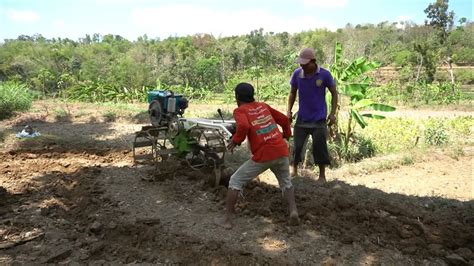 Kerja Keras Traktor Sawah Bekerja Membajak Tanah Kering Lahan Tegalan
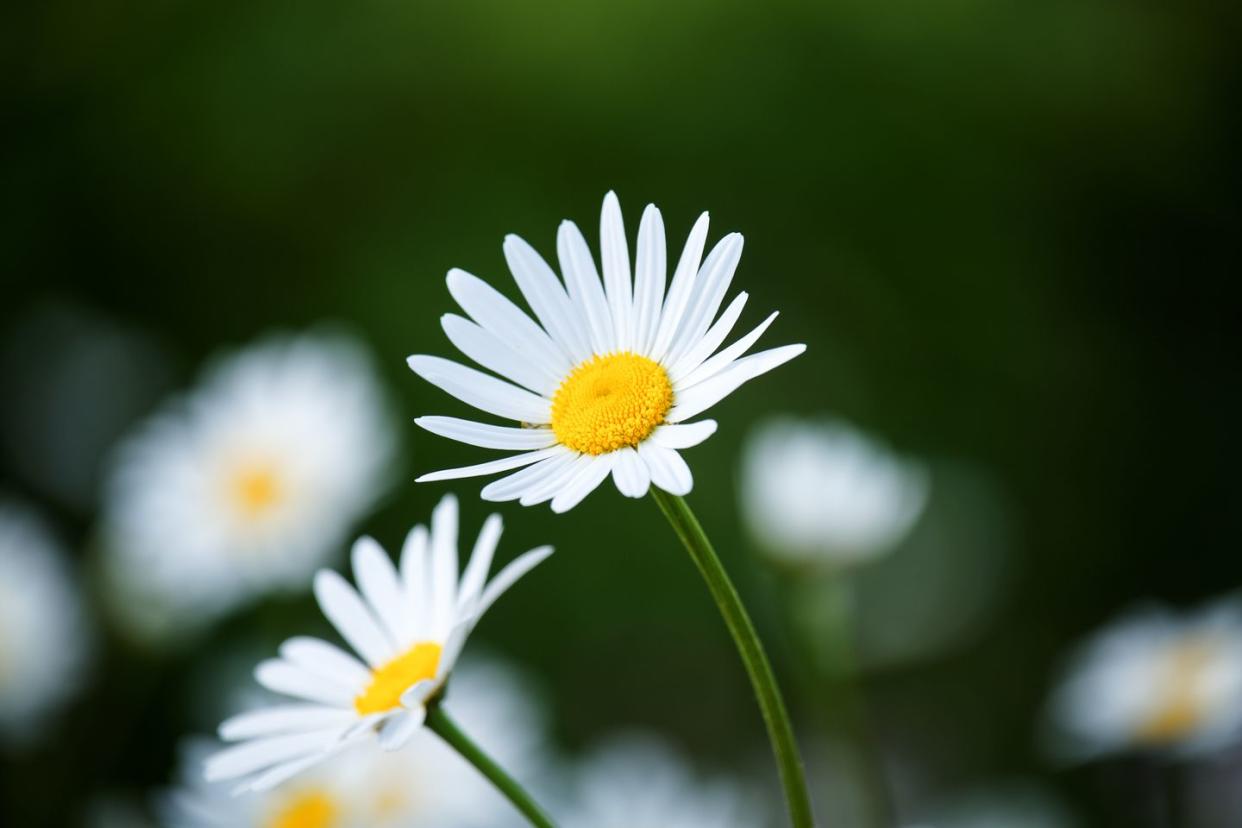 close up of white daisy flower,mikkeli,finland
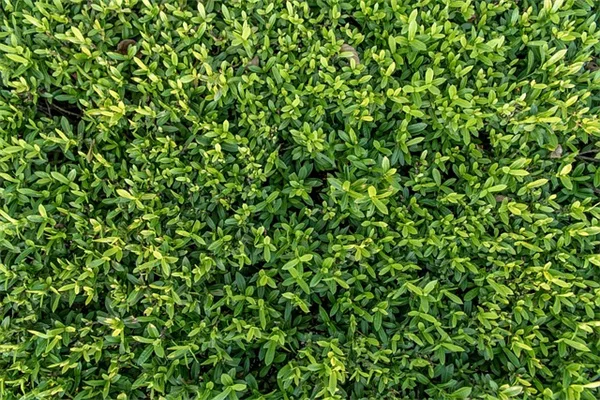 スーパーのキュウリの種を植えるとどうなる？やってみた結果を完全解説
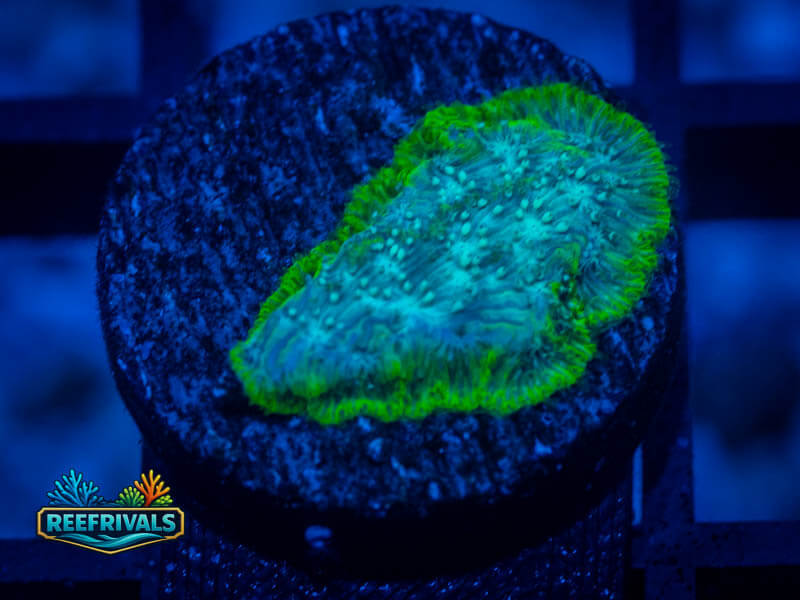 WWC Mr. Freeze Lepto WYSIWYG coral image | ReefRivals WWC Mr. Freeze Lepto coral image from ReefRivals, listed as Leptoseris sp. and SPS Branching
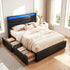 Bed Frame Double Size LED with 4 Drawers Black DUNN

_TASK OBJECTIVE_: In your answer, repeat all the entries exactly, but leave out the pictures.

_RESPONSE TO THE EXERCISE_:
 Kerja Keras Traktor Sawah Bekerja Membajak Tanah Kering Lahan Tegalan
 close up of white daisy flower,mikkeli,finland
 スーパーのキュウリの種を植えるとどうなる？やってみた結果を完全解説
 WWC Mr. Freeze Lepto WYSIWYG coral image | ReefRivals WWC Mr. Freeze Lepto coral image from ReefRivals, listed as Leptoseris sp. and SPS Branching
 Bed Frame Double Size LED with 4 Drawers Black DUNN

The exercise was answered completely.